The internet is a huge new arena where the right to freedom of opinion and expression still has to be defended. Don’t misunderstand me: respect for freedom of expression on the internet should be viewed in conjunction with making the internet secure. Cybercrime and violations of property and privacy rights are serious problems that need to be addressed. But a secure internet should not be established at the expense of freedom of expression. It should be clear that freedom of expression is the foundation of every free nation. This fundamental right can only be restricted in exceptional cases, as provided by law.
With due respect for other basic human rights, states are responsible for ensuring the free flow of information, on the internet as elsewhere. Article 19 of the Universal Declaration of Human Rights enshrines this responsibility by providing that everyone has the ‘freedom to hold opinions without interference and to seek, receive and impart information and ideas through any media and regardless of frontiers’. Governments should live up to this. And others can help.
The private sector definitely has an important role to play. Several IT companies, including major search engines, have shown how seriously they take their corporate social responsibility by limiting their dealings with countries that censor the internet. Some of them even proactively provide cyber dissidents with tools against censorship. One good example was Google and Twitter’s joint efforts during the Egyptian uprising. They provided voicemail to help Egyptians speak their minds when the internet was down, and converted these voicemails into tweets to let the outside world know what was going on. In my opinion, such spontaneous corporate initiatives to tackle internet censorship are exemplary.”

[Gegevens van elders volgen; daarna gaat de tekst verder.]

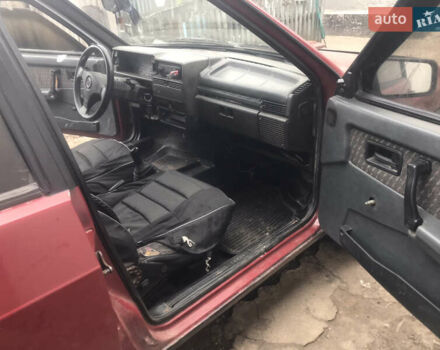 Красный ВАЗ 21099, объемом двигателя 1.5 л и пробегом 300 тыс. км за 1200 $, фото 2 на Automoto.ua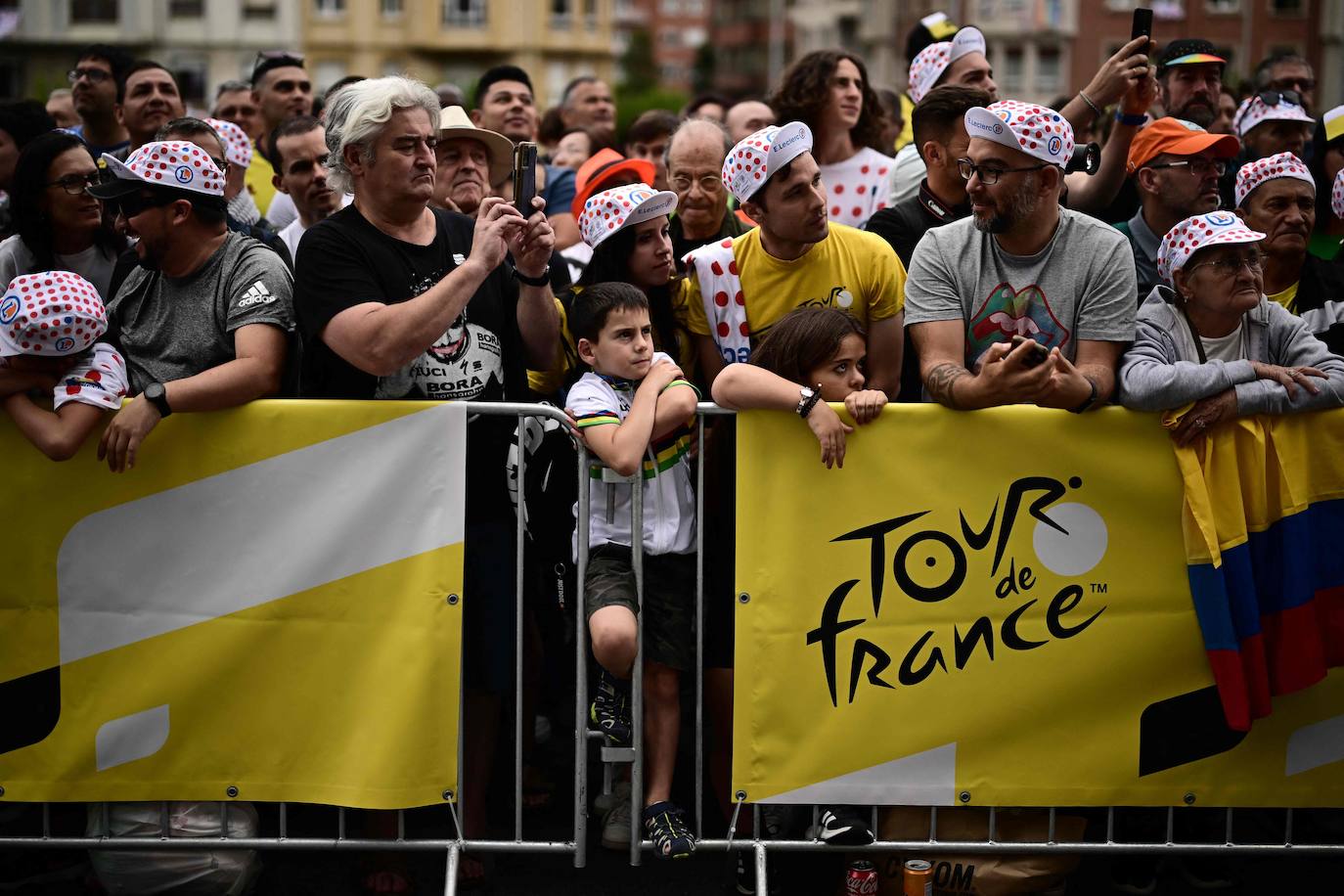Gran ambiente en la salida del Tour de Francia desde Bilbao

Rosenthal was op 1 maart 2011 in Geneve en zei toen:
“We will be keen on the freedom of expression, if only because it opens the door to the enjoyment of many other rights. For that matter, internet freedom is part and parcel of the freedom of expression. In the past few months, we have seen once more how important new technologies and the social media are in enabling people to connect and join hands in promoting their causes. This is why the Dutch government favours a European ban on the sale of internet filters to dictatorial regimes.”